Они вступили в тень дерева и сделались невидимками. Под ногами шуршала густая трава, над головами пели птицы. И никого в целом мире.
Сердце Билла стучало в висках, в горле, в кончиках пальцев – где угодно, но только не в положенном месте. Кровь, казалось, в десятки раз быстрее бежит по жилам. Молодой человек почти ничего не видел вокруг. Перед ним плыло только лицо Мэри. Нежный румянец на щеках. Огромные карие глаза. Длинные ресницы.
Задорно вздернутый носик.
Она опять склонила головку набок, темные короткие локоны упали на щеку. Почему-то именно в этот миг Биллу открылись все тайны Вселенной. Он понял, что смерти нет. Что мир бесконечен. Вероятно, он даже постиг тайну атома, просто у него не было ни времени, ни желания думать о таких глупостях. Время и пространство стремительно меняли свой облик, превращаясь в нечто иное, чему не было и не могло быть названия, потому что в этом мире не было человеческих слов. Только стук сердца. Только горячечное дыхание. И разгорающаяся в теле легкость.
Он раздевал ее осторожно, едва касаясь точеных плеч и тонких рук. Он умирал от восхищения и погибал от священного ужаса. Солнце било сквозь мечущиеся на ветру листья, и облик Мэри мерцал, подрагивал, растворялся в медовой дымке этого дня, первого дня творения их новой жизни.
Билл замер, когда ее пальчики коснулись его обнаженной груди.

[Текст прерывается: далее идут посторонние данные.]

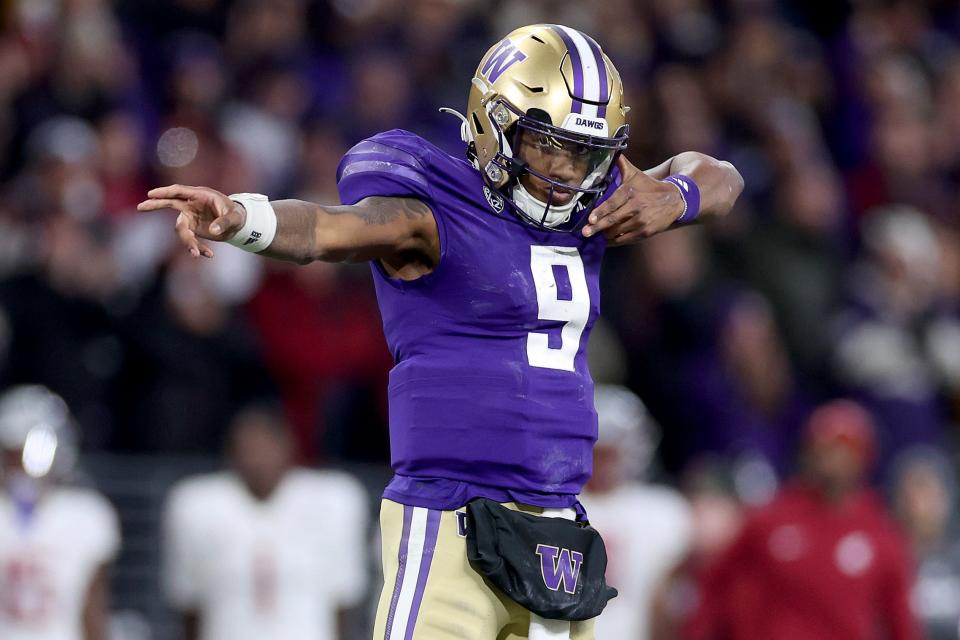 Michael Penix Jr. #9 of the Washington Huskies reacts after a first down against the Washington State Cougars during the fourth quarter at Husky Stadium on November 25, 2023 in Seattle, Washington.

Когда он разделся, он не знал.
Не помнил. Густая трава поглотила их одежду, и они оказались наедине в своем Эдеме. Адам и Ева, познающие любовь.

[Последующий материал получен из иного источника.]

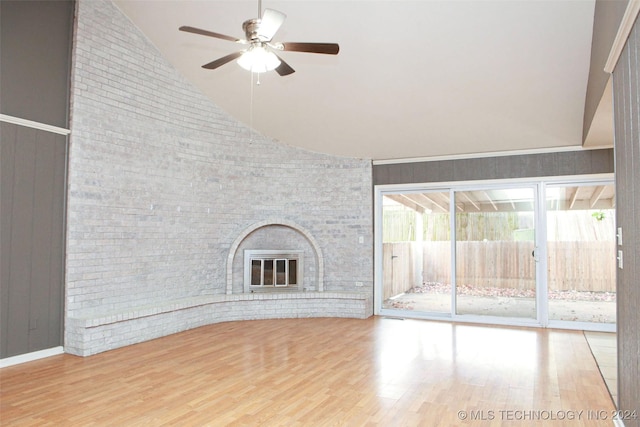 unfurnished living room featuring ceiling fan, wood walls, wood-type flooring, and a brick fireplace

Сказать, что он желал ее, было бы не правильно. Он весь был желанием. Это не имело ничего общего с возбуждением или похотью.

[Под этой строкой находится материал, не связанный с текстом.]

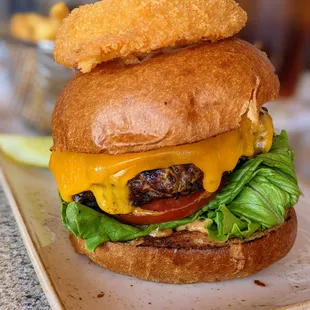 Burger. $19. 8 oz signature house ground beef, secret sauce, cheddar, brioche bun, French fries. Nineteen at TPC Sawgrass.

Просто его тело, его кожа, его кровь, кости и сухожилия стремительно плавились в золотом и ослепительном огне, и этот ручеек лавы стремился слиться с другим, таким же. Он точно знал – таким же. Потому что в карих глазах видел то же пламя.
Маленькая женщина обвила руками его шею, привстала на цыпочки. Она опять была первой, опять опережала его на миг, но это было неважно. Впервые в жизни Биллу не хотелось брать.
Быть лидером. Побеждать. Ему хотелось только дарить. Подчиняться, покорно следовать за ней и ее желаниями. Он глубоко и прерывисто вздохнул и обнял ее.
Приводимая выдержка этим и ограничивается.